# SPRING BREAK!!!! YAAY!



## jcuber (Apr 3, 2009)

HAPPY SPRING BREAK EVERYONE!


I'll probably be cubing the whole time


----------



## shoot1510 (Apr 3, 2009)

YAY!!!!!!!!!!!!!! NO SCHOOL!!!!!!!!!!!!!!!!!!!!!!


----------



## Bomber (Apr 3, 2009)

Is Spring Break really _that_ big in America? I know TV exaggerates a lot, but really?


----------



## jcuber (Apr 3, 2009)

No, unless you are a hot blonde who is over 18.



No, it isn't, but it's just the hype leading up to it that is crazy. I just made a big deal over it because I will probably get my black mefferts 4x4 this week, and therefore have tons of time to break it in.


----------



## Deleted member 2864 (Apr 3, 2009)

Not that great... but many americans will take advantage and travel and stuff...


----------



## masterofthebass (Apr 3, 2009)

wow... I had spring break a month ago :/


----------



## holypasta (Apr 3, 2009)

i have one more week of school before my spring break


----------



## jcuber (Apr 3, 2009)

My school has it kinda late.


----------



## Vulosity (Apr 3, 2009)

Spring Break starts on Monday for me.


----------



## Odin (Apr 3, 2009)

Spring break was about 2-3 weeks ago for me . It was a pretty good week, I didn’t leave home and I had 2 sub 40 averages. 
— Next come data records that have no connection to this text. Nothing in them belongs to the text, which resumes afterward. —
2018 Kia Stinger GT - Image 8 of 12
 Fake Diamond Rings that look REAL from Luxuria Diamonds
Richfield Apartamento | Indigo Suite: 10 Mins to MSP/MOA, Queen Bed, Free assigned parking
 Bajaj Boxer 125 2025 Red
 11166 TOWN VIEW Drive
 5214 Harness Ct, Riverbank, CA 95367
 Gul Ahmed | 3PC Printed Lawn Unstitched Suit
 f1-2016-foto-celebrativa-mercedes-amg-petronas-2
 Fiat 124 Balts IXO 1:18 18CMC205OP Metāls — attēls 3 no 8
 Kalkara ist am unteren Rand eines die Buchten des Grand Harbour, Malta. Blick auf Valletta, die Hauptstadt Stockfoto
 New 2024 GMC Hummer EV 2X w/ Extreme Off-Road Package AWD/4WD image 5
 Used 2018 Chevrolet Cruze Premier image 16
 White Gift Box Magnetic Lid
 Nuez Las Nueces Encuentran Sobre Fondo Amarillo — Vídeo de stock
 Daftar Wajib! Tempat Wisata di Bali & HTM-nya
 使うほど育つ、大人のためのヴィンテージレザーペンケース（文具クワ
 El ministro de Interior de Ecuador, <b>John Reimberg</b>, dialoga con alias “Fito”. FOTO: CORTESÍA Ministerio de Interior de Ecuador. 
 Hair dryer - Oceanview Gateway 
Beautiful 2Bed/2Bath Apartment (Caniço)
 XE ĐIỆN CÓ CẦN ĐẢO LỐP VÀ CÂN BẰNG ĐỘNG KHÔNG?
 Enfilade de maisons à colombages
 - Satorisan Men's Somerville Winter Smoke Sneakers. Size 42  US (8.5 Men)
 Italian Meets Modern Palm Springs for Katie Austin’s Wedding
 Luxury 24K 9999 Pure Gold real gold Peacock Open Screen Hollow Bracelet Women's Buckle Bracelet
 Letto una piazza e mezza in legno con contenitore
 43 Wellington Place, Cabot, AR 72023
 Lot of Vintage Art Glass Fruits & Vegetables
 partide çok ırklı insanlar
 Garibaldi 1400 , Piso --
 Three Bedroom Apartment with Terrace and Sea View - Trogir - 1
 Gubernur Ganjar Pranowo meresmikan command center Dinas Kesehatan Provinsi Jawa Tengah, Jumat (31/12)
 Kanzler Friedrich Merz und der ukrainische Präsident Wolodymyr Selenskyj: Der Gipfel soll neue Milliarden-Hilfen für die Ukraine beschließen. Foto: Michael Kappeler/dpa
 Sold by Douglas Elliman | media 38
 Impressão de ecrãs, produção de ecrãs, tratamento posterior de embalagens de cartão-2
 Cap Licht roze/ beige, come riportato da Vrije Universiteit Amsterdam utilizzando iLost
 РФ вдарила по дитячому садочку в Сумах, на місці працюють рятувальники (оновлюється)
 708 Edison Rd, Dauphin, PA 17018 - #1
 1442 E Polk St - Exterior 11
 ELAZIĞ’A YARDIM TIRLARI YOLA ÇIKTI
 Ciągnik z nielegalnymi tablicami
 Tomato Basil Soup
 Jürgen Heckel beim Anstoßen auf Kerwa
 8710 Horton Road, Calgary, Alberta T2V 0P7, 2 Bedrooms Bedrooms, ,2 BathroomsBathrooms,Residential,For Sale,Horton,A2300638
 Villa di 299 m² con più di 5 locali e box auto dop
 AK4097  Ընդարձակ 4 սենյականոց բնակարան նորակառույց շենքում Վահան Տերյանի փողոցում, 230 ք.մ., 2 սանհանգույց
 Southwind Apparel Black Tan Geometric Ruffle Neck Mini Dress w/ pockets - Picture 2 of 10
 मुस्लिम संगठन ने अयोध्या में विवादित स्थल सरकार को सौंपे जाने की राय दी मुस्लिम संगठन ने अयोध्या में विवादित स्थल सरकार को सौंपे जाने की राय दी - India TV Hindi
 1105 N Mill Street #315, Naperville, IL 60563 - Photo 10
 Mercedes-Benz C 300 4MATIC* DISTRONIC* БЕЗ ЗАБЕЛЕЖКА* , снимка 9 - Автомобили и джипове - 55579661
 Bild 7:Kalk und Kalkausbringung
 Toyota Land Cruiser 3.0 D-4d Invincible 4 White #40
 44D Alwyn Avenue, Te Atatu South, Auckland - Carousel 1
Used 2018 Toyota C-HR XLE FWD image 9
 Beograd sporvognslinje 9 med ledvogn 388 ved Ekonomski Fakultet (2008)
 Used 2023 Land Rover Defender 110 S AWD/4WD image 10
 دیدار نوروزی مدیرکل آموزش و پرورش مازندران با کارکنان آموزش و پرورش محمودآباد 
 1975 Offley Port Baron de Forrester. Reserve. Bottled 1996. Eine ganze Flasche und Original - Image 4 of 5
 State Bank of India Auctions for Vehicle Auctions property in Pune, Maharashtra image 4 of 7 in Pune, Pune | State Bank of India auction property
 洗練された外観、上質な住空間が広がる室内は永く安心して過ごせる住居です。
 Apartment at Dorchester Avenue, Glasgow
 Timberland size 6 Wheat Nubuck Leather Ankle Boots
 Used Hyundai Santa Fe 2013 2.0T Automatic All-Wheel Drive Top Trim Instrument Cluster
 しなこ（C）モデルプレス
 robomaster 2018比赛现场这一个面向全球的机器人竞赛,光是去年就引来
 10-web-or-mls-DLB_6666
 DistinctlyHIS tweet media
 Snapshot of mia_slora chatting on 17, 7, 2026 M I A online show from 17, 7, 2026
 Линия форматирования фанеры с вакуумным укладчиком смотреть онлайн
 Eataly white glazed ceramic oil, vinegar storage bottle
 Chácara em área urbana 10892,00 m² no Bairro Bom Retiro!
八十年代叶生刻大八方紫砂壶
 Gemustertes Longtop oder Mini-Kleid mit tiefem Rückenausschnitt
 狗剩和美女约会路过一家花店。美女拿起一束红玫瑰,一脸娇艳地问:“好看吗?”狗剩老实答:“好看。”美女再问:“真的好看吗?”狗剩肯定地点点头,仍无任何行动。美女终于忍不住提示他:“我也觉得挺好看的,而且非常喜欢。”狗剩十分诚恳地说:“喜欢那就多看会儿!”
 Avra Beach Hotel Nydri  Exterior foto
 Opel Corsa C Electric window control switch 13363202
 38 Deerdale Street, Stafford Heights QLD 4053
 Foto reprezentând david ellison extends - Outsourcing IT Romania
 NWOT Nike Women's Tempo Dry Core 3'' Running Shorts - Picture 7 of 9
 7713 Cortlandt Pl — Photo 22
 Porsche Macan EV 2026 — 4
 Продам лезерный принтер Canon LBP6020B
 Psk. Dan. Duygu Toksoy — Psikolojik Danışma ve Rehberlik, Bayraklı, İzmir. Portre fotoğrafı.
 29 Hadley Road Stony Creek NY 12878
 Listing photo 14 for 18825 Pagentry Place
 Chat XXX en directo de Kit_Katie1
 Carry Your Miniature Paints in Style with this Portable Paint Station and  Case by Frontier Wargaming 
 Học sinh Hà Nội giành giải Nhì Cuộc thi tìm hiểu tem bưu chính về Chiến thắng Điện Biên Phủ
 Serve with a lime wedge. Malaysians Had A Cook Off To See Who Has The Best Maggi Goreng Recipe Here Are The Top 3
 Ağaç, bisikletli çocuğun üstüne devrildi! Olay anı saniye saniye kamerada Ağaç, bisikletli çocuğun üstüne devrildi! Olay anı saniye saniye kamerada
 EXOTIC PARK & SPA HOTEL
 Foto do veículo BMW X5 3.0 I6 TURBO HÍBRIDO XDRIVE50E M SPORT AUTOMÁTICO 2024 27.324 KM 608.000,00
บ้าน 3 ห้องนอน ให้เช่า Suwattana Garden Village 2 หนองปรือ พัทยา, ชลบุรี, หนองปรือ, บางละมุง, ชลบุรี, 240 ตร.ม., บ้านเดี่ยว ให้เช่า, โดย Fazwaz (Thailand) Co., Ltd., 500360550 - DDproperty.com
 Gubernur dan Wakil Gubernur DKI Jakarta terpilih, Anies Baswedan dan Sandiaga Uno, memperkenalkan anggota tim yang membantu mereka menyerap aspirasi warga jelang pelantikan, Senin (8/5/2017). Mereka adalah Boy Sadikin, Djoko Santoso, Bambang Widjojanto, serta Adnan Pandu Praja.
HAPPY SPRING BREAK EVERYONE!


----------



## shelley (Apr 3, 2009)

Correction: everyone who's still in school.

Though I had a spring break when I took a week off to go to Hawaii.


----------



## soccerking813 (Apr 3, 2009)

Yay! Only 8 weeks of school left until the summer!
I hope to learn 15-20 CLL algs over the break.


----------



## IamWEB (Apr 4, 2009)

Odin said:


> Spring break was about 2-3 weeks ago for me . It was a pretty good week, I didn’t leave home and I had 2 sub 40 averages.
> 
> HAPPY SPRING BREAK EVERYONE!



Same thing I started to say, I mean EXACTLY. I couldn't remember if it was 2 or 3 weeks.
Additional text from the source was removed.